Ihr Implantat verband sich mit dem lokalen Netzwerkknoten, filterte den verschlüsselten Datenverkehr heraus, glich die Datenströme an, bremste sie herunter und erzeugte eine visuelle Darstellung in ihrem Neokortex. Sie sah den Datenstrom der Bodega, den sie aus dem übrigen Netzwerk isoliert hatte sortierte den Teil mit der niedrigen Bandbreite heraus und wartete auf einen großen Brocken mit stärkerer Verschlüsselung. Und tatsächlich, ein größerer Datensatz wurde gesendet. Wenig später verließ der Mexikaner den Laden mit einer Tüte von Einkäufen.

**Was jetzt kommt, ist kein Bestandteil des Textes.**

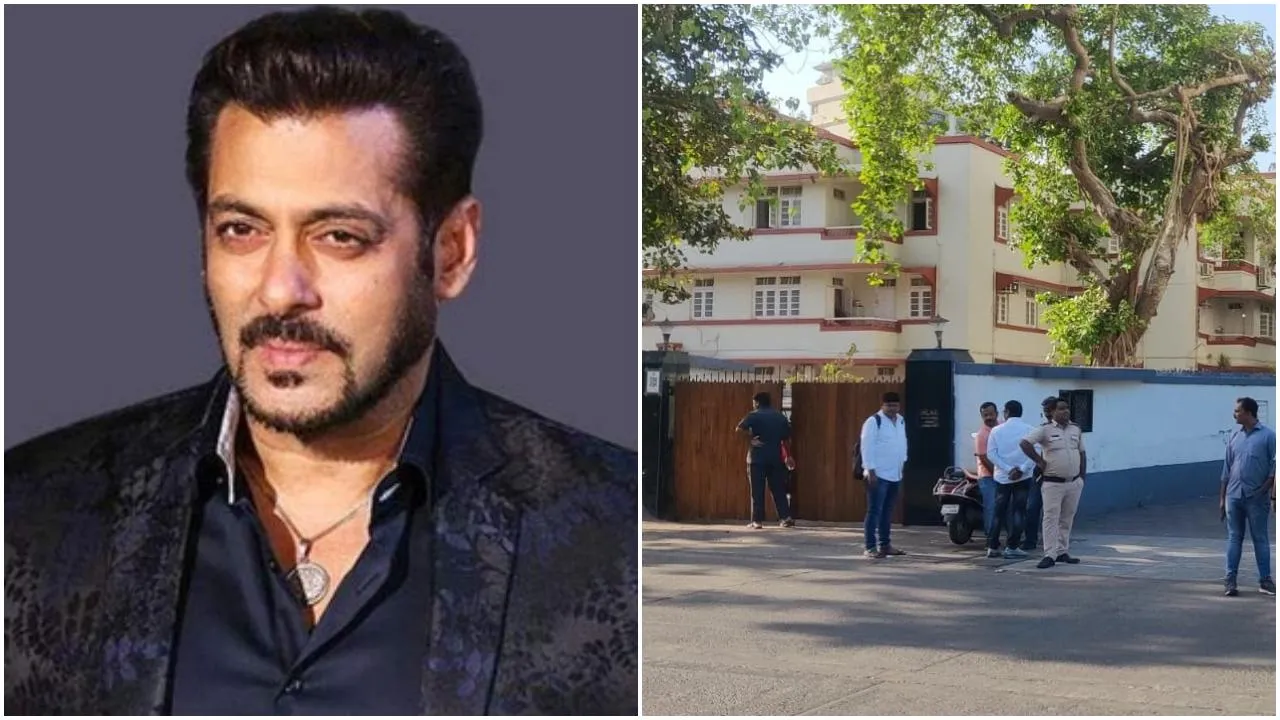 Salman Khan House Firing: सलमान खान के घर के बाहर फायरिंग, बाइक से आए थे दो  शूटर, Mumbai Police ने बढ़ाई सुरक्षा - BTV Bharat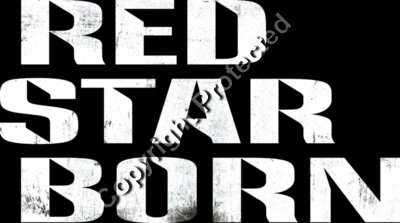 REDSTARBORN Logo White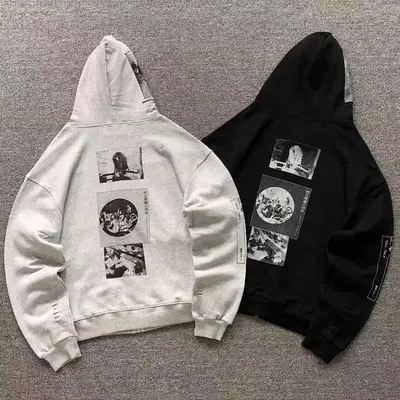￥178 ENFANTS RICHES DEPRIMES HOODIE 521703162（im 170cm 60kg i wear size S in the phot）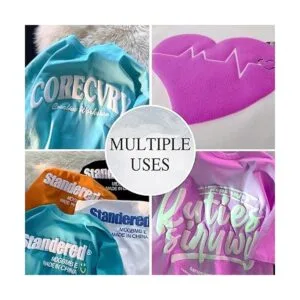 Vinilo de transferencia de calor 3D de 12 x 10 pulgadas_3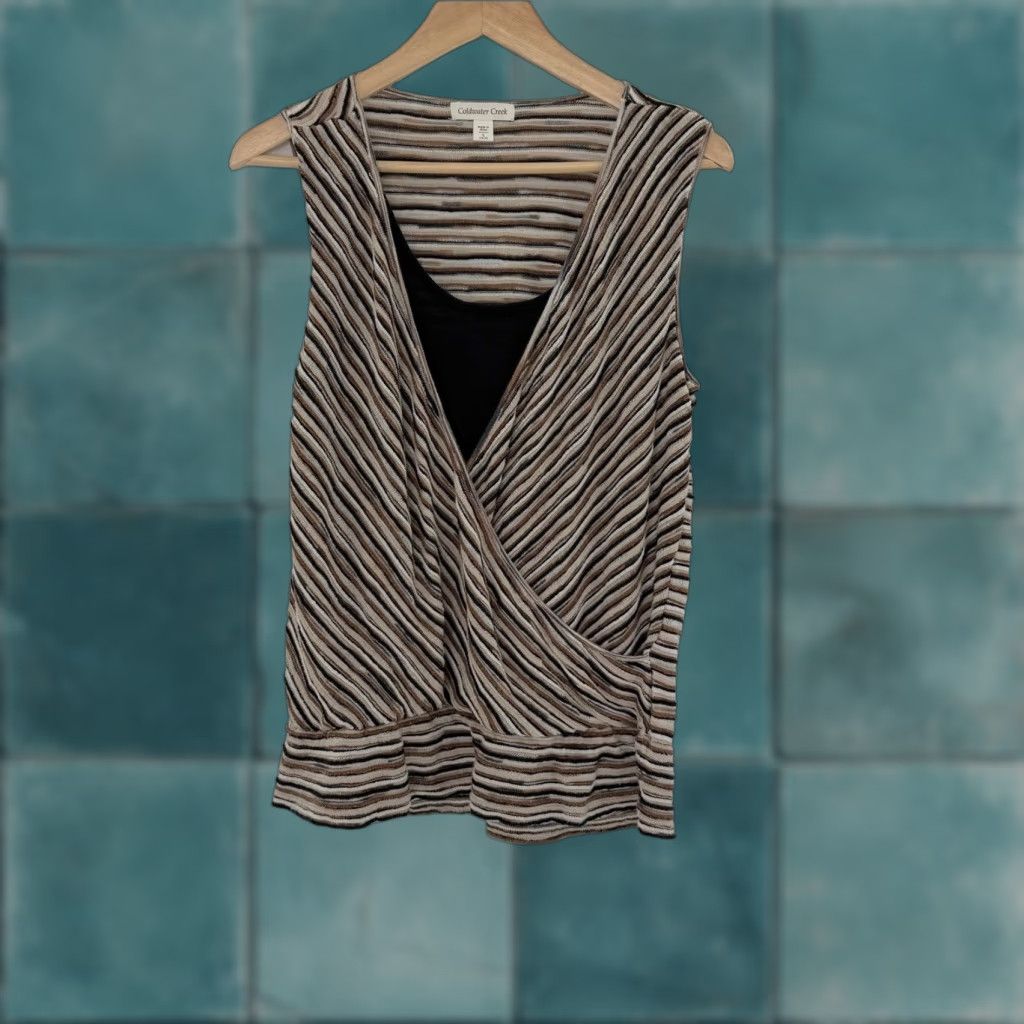 Coldwater Creek VINTAGE? No. Size L / US 10 / IT 46 - 1 Thumbnail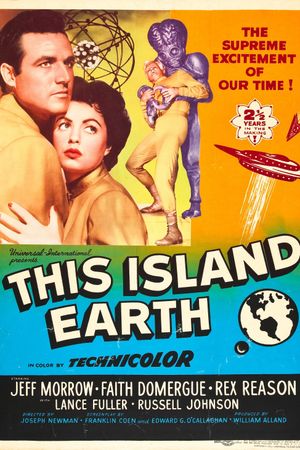 This Island Earth's poster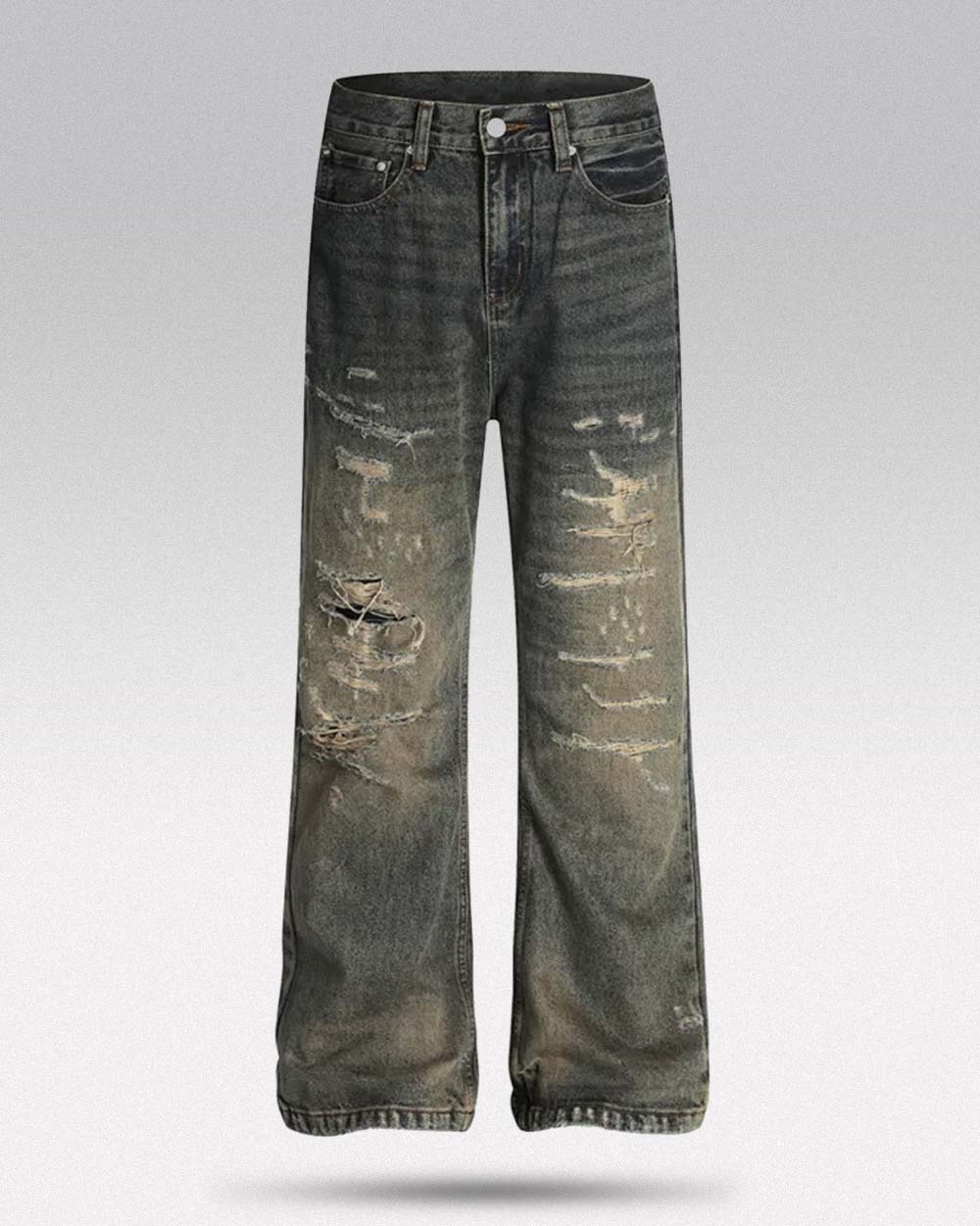 Y2k distressed jeans ’Kaga’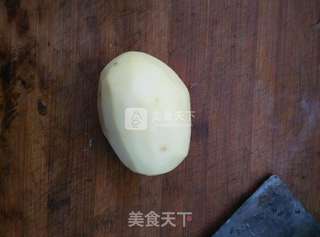 香煎土豆丝饼的做法步骤：1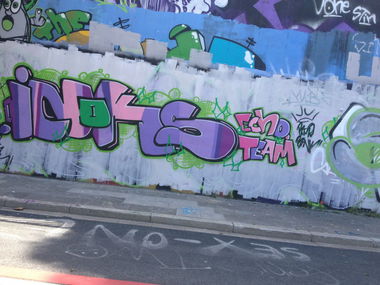 Graffiti Wall - Photo by RORO
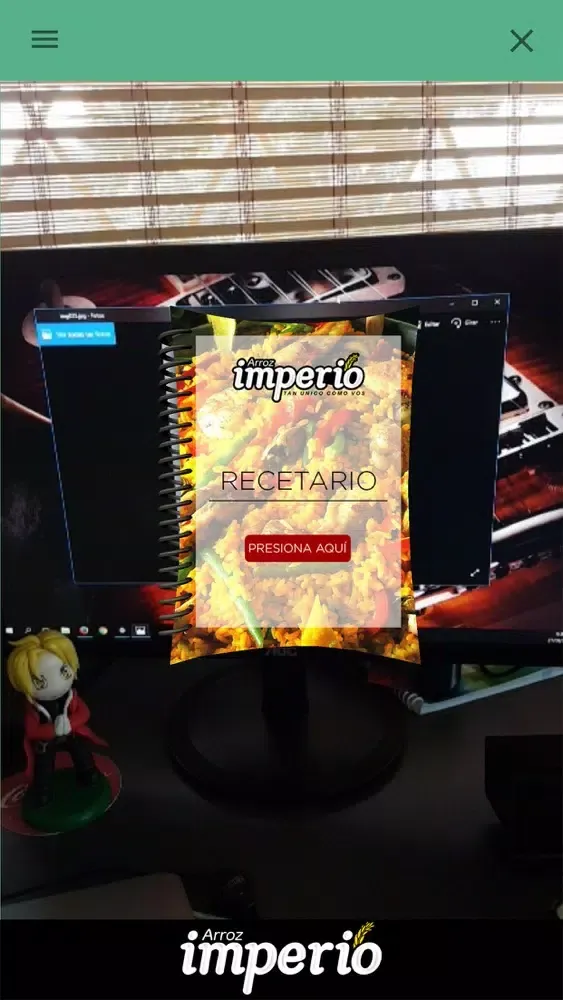 Capturas de tela do Expertas Imperio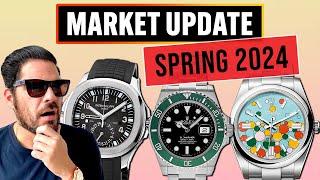 WATCH MARKET UPDATE (SPRING 2024) - BEST TIME TO BUY & SELL??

Cat sah sich die Daten in ihrem Kopf von allen Seiten an, versuchte sie zu verstehen. Das musste die Zahlung des Mannes gewesen sein. Sie machte sich keine große Hoffnung, das Paket zu entschlüsseln, um hineinsehen zu können. Vermutlich konnte das niemand, abgesehen von einer Monster-KI mit Zehntausenden von Prozessoren. Wenn sie es schon nicht entschlüsseln konnte, dann könnte sie es aber vielleicht reproduzieren. Sie müsste dazu dieselben Dinge in der gleichen Menge wie der vorhergehende Kunde kaufen und dann den Zeitstempel zurücksetzen, sodass der Laden die Zahlung akzeptieren würde …

Vermutlich könnte sie das hinbekommen. Was sie noch brauchte, waren ein paar Kunden. Sie wartete. Der Straßenverkehr war träge und niemand kam. Ihr Magen knurrte wieder. Dann erschienen plötzlich zwei Personen zu Fuß und eine weitere in einem verbeulten Elektro-Kleinlaster. Sie erhob sich und ging zusammen mit ihnen in den Laden. Sie tat so, als würde sie sich die Waren ansehen, während sie ihre Augen wachsam auf die anderen Kunden gerichtet hatte. Der Besitzer stand hinter dem Tresen und beobachtete sie, aber sie ignorierte seine Blicke. Eine Frau ging nach hinten in den Laden, holte Bier und ein paar Nahrungsmittel. Ein Mann schenkte sich einen Kaffee ein. Die letzte Kundin stand vorne bei der Kasse. Sie nahm zwei Cash-Karten zu je fünfzig Dollar und reichte sie dem Inhaber.

Beim Anblick der Cash-Karten stand Cat reglos da und konzentrierte sich nur auf die Transaktion. Der Ladenbesitzer zog die Karten durch die Kasse. Daten strömten weiß durch Cats Gesichtsfeld und sie griff nach den Datenpaketen und synchronisierte den Informationsstrom mit dem exakten Zeitpunkt der Transaktion.

Als die Frau ging, näherte Cat sich der Kasse. Sie nahm zwei identische Cash-Karten und reichte sie dem Ladenbesitzer. Der sah sie misstrauisch an. Sie sagte nichts, konzentrierte sich nur auf die Vollständigkeit der Daten in ihrem Kopf. Er zog die Karten durch und deutete dann mit dem Kopf zum ID-Leser.